In their thought-provoking analysis, Hogg et al argue, first of all, that state-owned tobacco companies (SOTCs) are seriously under-analysed in the academic literature on the tobacco industry. They have a point: despite the fact that China National Tobacco Corporation (CNTC), for example, has a greater share—at 43%—of the global tobacco market than Philip Morris International (14%), British American Tobacco (12%), Japan Tobacco International (9%) and Imperial (5%) combined,2 Tobacco Control has published just three articles on CNTC, compared to around 70 on Philip Morris alone.1

Hogg et al propose three contrasting perspectives for assessing the strategic significance of state-ownership of tobacco companies to tobacco control. First, the ‘intrinsic conflict’ model, in which the tobacco industry—state-owned or not—is seen as having an irreconcilable conflict of interest with public health. Using this perspective, it is sometimes argued that SOTCs should be privatised, because the fundamental conflict of interest created by a government both owning and regulating the tobacco industry cannot otherwise be resolved. However, as Gilmore et al have pointed out, privatisation often leads to ‘increased marketing, more effective distribution and lower prices, creating additional demand for cigarettes among new and existing smokers, leading to increased cigarette consumption, higher smoking prevalence and lower age of smoking initiation’.3 Be careful what you wish for.

The second perspective is that the conflict of interest between SOTCs and public health can be ‘institutionally mediated’, for example through the establishment of a legislative ‘firewall’ separating the arm/s of government responsible for tobacco control policy from those responsible for the tobacco industry, as is now the case in Thailand. Viewed within this framework, the problem in China is not that CNTC is an SOTC per se, but the fact that the same Ministry (Industry and Information Technology, MIIT) which is responsible for increasing tobacco profits is also responsible for coordinating implementation of the WHO FCTC. This conflict could be mitigated, or institutionally mediated, by, for example, removing responsibility for overall WHO FCTC implementation and specific policy issues like package warning labels, from MIIT.

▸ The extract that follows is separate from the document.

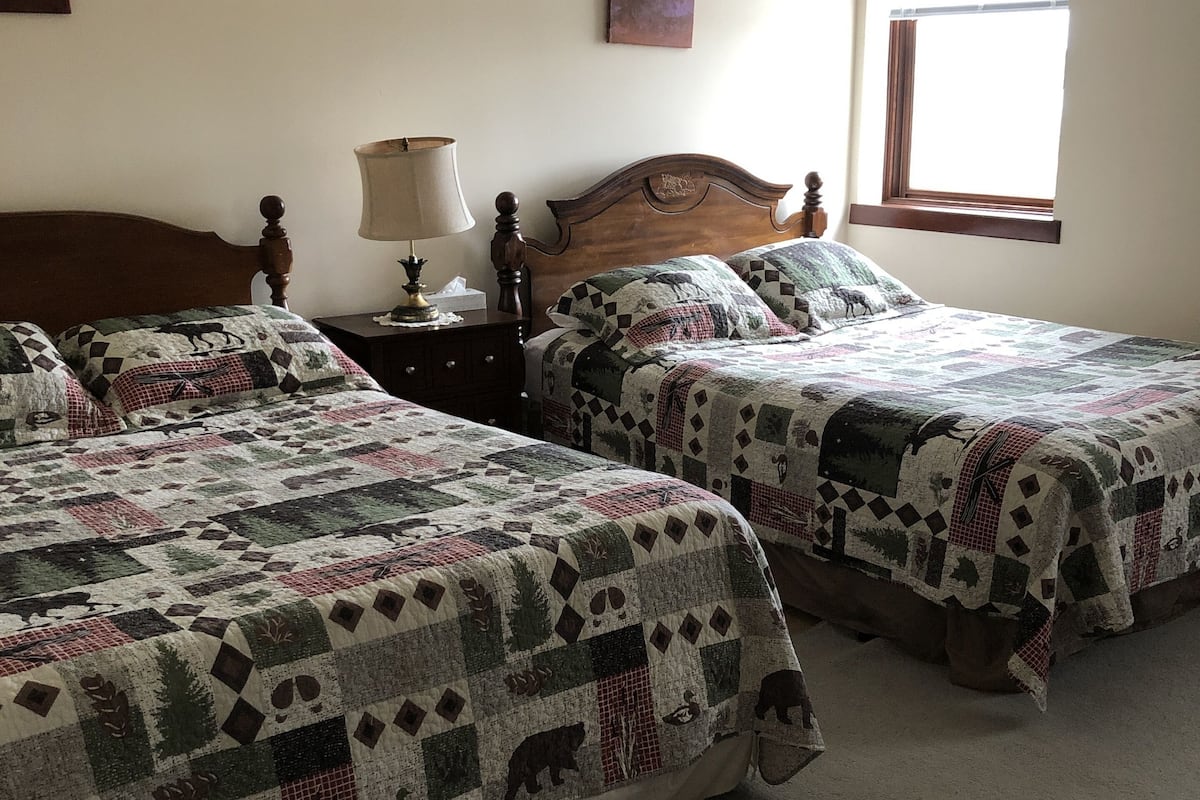 A bedroom with two beds, a nightstand with a lamp, and a window with blinds.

According to the third perspective, ‘interest alignment’, rather than necessarily representing an inherent threat to tobacco control, SOTCs could in fact be co-opted into advancing the goals of tobacco control—by virtue of their potential to play a role in addressing supply side issues. In the most optimistic version of this scenario, a national government could essentially instruct its SOTC to ‘sunset’ itself, or wind up tobacco production over time, thereby dramatically reducing—even eliminating—the supply of tobacco products in a particular country.

It is a tantalising prospect. However, could it really work like this? Hogg et al raise a number of issues that provide food for thought.

For instance, the authors argue that the example of Nordic alcohol monopolies being tasked with reducing harm from alcohol consumption provides an example of how this strategy can work in practice. However, there is an important difference between alcohol and tobacco: current debates about products such as e-cigarettes aside, there is no harm reduction discussion to be had about tobacco per se. And therefore, there is no conversation to be had with the tobacco industry—state-owned or otherwise—about harm reduction. It seems, then, that the only way of getting past the fundamental conflict of interest is the most optimistic version of the interest alignment model mentioned above—that is, governments charge their SOTCs with devising a strategy to ‘sunset’ themselves. However, is this politically feasible?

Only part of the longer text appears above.